В сельском хозяйстве с 1988 года внедрялся арендный подряд, на который официально была сделана ставка после апрельского (1989 года) пленума ЦК КПСС. В промышленности развитие определялось принятым в 1987 году законом «О государственном предприятии (объединении)». Предприятия переводились на самоокупаемость и хозрасчет, а их директоров избирали трудовые коллективы. Однако, в отличие от дэнсяопиновского Китая, новоявленные кооперативы, семейные подряды на селе и хозрасчетные предприятия не привели к насыщению потребительского рынка и к экономическому рывку вообще.

Очень быстро кооперативы заняли нишу посредников, а вовсе не производителей. Заниматься производством благодаря существующей правовой и налоговой системе было невыгодно. Оно не приносило таких быстрых доходов, как спекуляция. В сельском хозяйстве появившиеся «фермеры»-арендаторы (характерная замена исконно русского «крестьянина», тогда прошедшая незаметно) также оказались неспособными «накормить страну». Для этого требовалось изменение всей инфраструктуры – снабжение, землепользование, ценообразование. А главное, было непонятно, куда девать все эти мехдворы, огромные сельскохозяйственные комплексы и т. д., кому и в чьи руки их передавать. Поэтому арендаторы могли только существовать при имеющихся колхозах или совхозах.

На предприятиях хозрасчет и выборность руководства привели к снижению производственной дисциплины, развалу устоявшихся связей. С одной стороны, заводы выходили из подчинения министерствам, с другой – начальство де-факто не несло ответственности за деятельность своих предприятий, накапливая долги, по которым должно было расплачиваться государство. Очень быстро директора заводов практически стали несменяемыми.
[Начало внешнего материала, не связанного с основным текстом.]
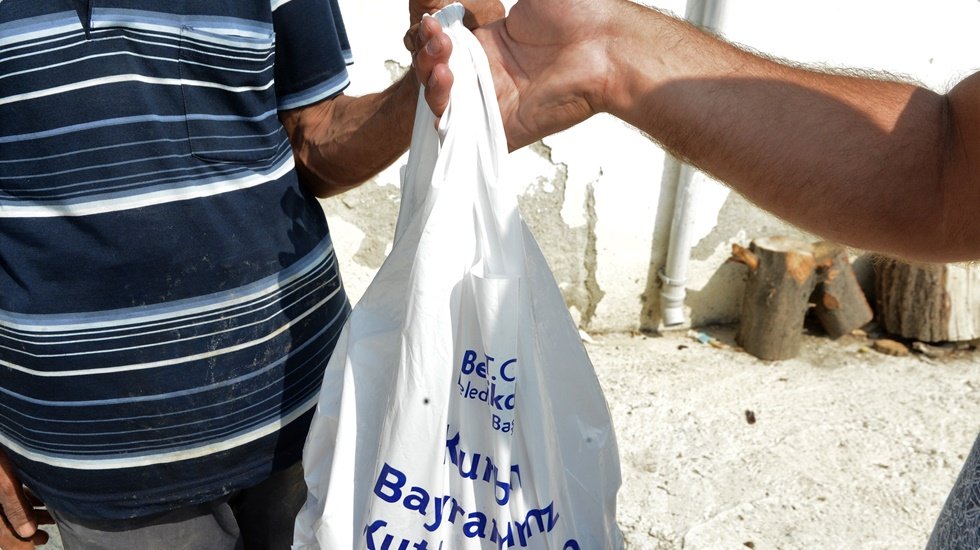 Beylikdüzü’nde ihtiyaç sahibi 3 bin 241 aileye kurban yardımı 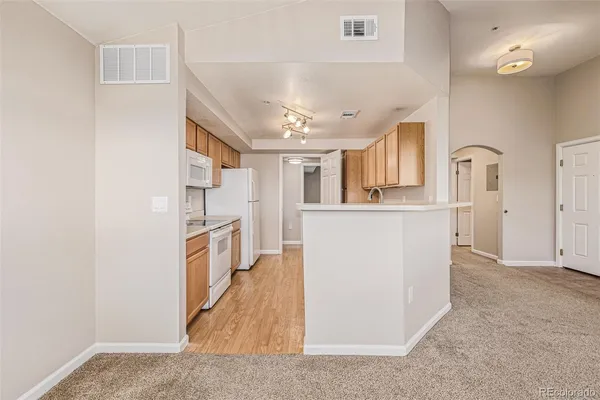 $239,900 | 5726 North Genoa Way, Unit 301, Aurora, CO 80019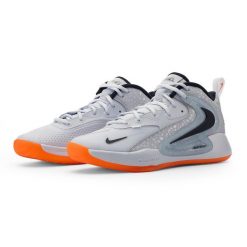 Buty do siatkówki Nike Hyperset 2 SE. Brązowe buty sportowe męskie Nike, bez zapięcia, do siatkówki. Za 660.70 zł.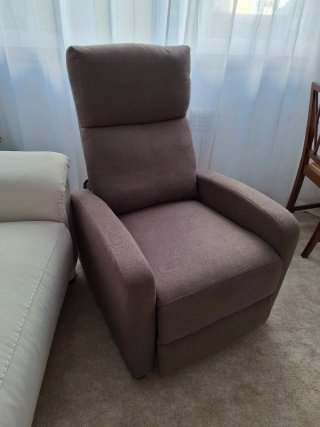 Sillón Reclinable marrón a estrenar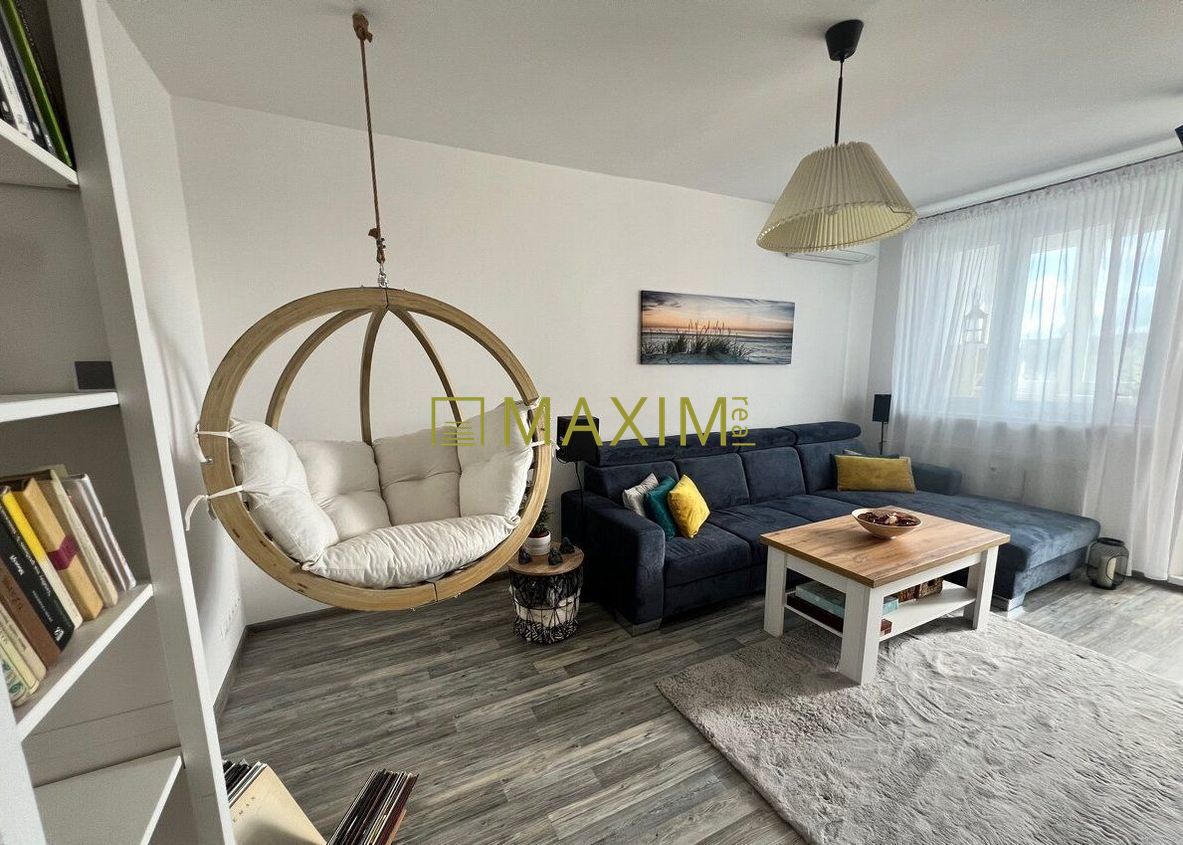 Veľmi pekný zrekonštruovaný 3- izbový byt s lodžiou na ulici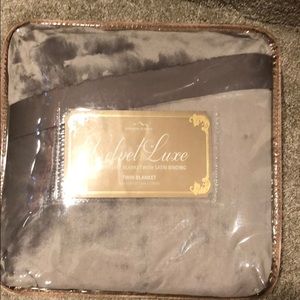 New Berkshire Blanket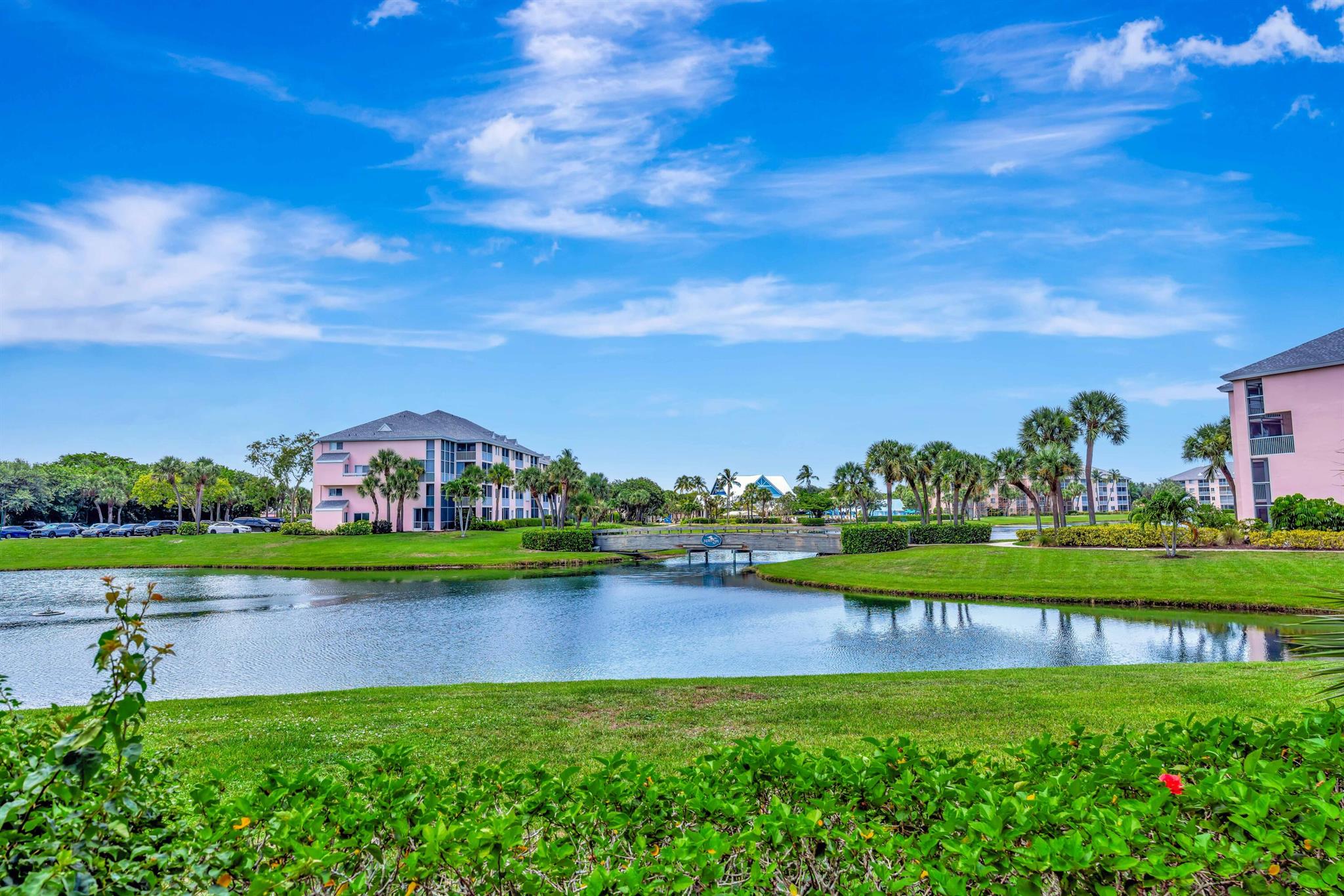 353 S Us Highway 1 A4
Население, столкнувшись в реальности с новыми методами хозяйствования, вовсе не возлюбило тех же кооператоров, видя в них преимущественно жуликов. На всю страну прогремело имя кооператора Артема Тарасова, заплатившего 90 тысяч рублей партийных взносов со своей трехмиллионной зарплаты. А в январе 1990-го развернулся скандал вокруг кооператива «АНТ», который попытался вывезти за границу 12 танков Т-72.

* * *

1989 год страна встретила переписью населения. Оказалось, что в СССР проживает 286,7 миллиона человек. Но рост численности почти на 25 миллионов по сравнению с переписью 1979 года мало радовал Горбачева, озабоченного совсем иными делами. Впереди предстояли первые свободные выборы депутатов на I съезд народных депутатов СССР. Поскольку партийный аппарат, по мнению генсека, тормозил преобразования, его следовало подстегнуть выборами, на которых рядовые граждане продвинули бы во власть наиболее активных коммунистов, «прорабов перестройки», как их было принято тогда называть.

Однако задуманные как триумф горбачевской политики выборы оказались его сокрушительным поражением, а главное, потрясли до основания весь механизм государственного управления. Как отмечал британский историк Пол Джонсон, нельзя приводить в динамику империю, она в подобном случае рушится.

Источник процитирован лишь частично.